全体的な解約率は若干上昇するものの、割引による収入減を上回る獲得コスト削減の可能性がある。この戦略は、特にリスクの高い顧客をターゲットにしており、解約率を大幅に下げることができる。

  1. 補完的アプローチ:

  2. 福岡や静岡のような離職率の高い県にターゲットを絞ったリテンション・プログラムを開発する。

  3. ロイヤリティ・プログラムやバンドル・サービスを導入し、契約期間の延長を促す。

  4. 解約につながる前に潜在的な問題に対処するため、特にリスクの高い顧客に対するカスタマーサービスの質を向上させる。

  5. さらなる調査のための次のステップ

  6. 解約リスクの高い都道府県における解約の主な理由を把握するため、顧客調査を実施する。
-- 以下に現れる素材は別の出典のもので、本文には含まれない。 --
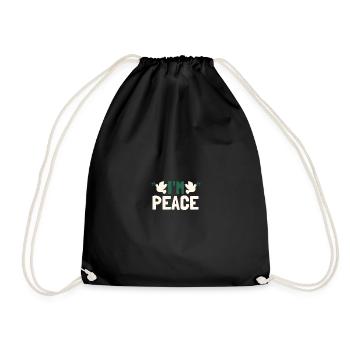 I come in peace im peace couples - Turnbeutel - Schwarz - Vorne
  7. 現在の顧客サービスの有効性を分析し、改善点を特定する。

  8. より的を絞った顧客維持戦略を開発するため、国際電話の利用率が中低~中高の顧客の特性を調査する。

  9. 10%割引戦略の影響を長期的にモニターし、実際の結果に基づいて必要に応じて調整する。
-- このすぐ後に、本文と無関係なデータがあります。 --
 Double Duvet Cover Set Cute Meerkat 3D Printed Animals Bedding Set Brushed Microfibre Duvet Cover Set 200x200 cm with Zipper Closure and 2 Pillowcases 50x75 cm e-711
  10. 利用レベルまたは契約期間に基づいて段階的な割引を提供する可能性を検討し、収益の損失を最小限に抑えながら最大限の維持を図る。

これらの提言を実施し、顧客行動の分析を継続的に行うことで、同社は、特に高リスクの顧客や解約率の高い都道府県において、解約率の削減と顧客維持率の向上に取り組むことができる。

使用できる言語について

正式には日本語対応していませんが、入力するプロンプトは日本語でも対応していました!
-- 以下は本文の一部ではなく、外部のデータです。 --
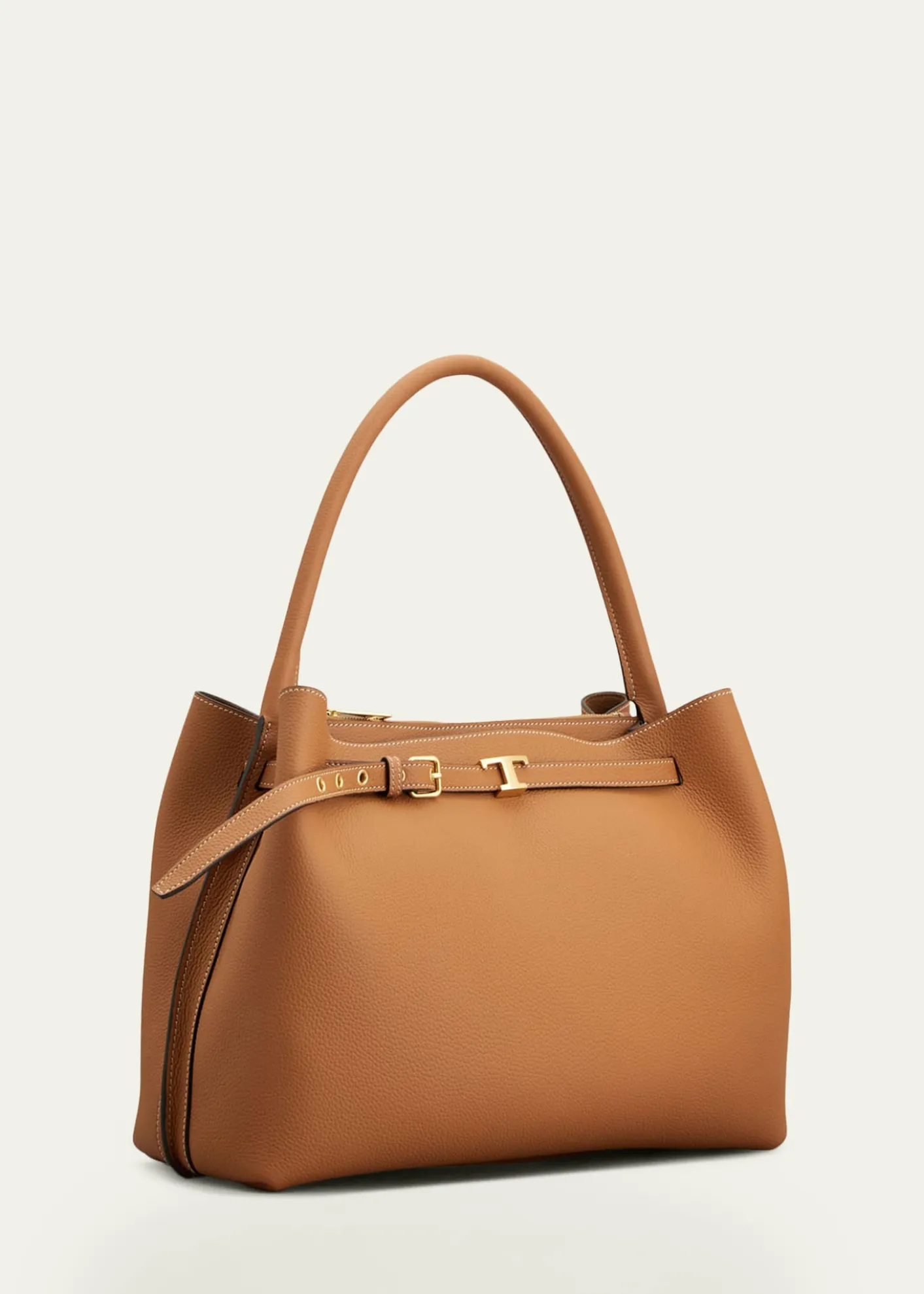 Tod'sSmall Timeless T Belted Leather Shoulder Bag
Data Story on QuickSight - 日本語で質問 | Q&A - Amazon QuickSight Community

以下の公式ブログにも記載されています。

2025 年 2 月 17 日更新:日本語フルサポートではないので正式にアナウンスはされていませんが、日本語でプロンプトできるようになっています。
Amazon QuickSight の生成 AI アシスタンスを使用して小売データを分析する | Amazon Web Services ブログ

料金とサポートされている機能について

料金体系とユーザーのロールについては公式ブログとドキュメントにまとめられていますのでそちらをご紹介します。

aws.amazon.com

例えば、Amazon Q でダッシュボードを構築するにはAuthor Proのロールが必要で、1 人あたり月額 $ 50 必要です。

docs.aws.amazon.com

また、少なくとも 1 名の Pro ユーザーまたは少なくとも 1 個の Amazon Q トピックを持つアカウントには、アカウントごとに 250 USD/月の Amazon Q 有効化料金が適用される点に注意が必要です。

まとめ

Amazon Q in QuickSightは、生成AIの力を活用することで、従来のBIツールの枠を超えた機能を提供しています。特に以下の点が大きなメリットです:

  • 自然言語でのデータ操作によるアクセシビリティの向上
  • 複雑なデータから重要なインサイトを自動抽出
  • 「何が起きているか」だけでなく「次に何をすべきか」まで提案

お客様のデータ活用にどのように役立てられるか、ぜひ検討いただければ幸いです。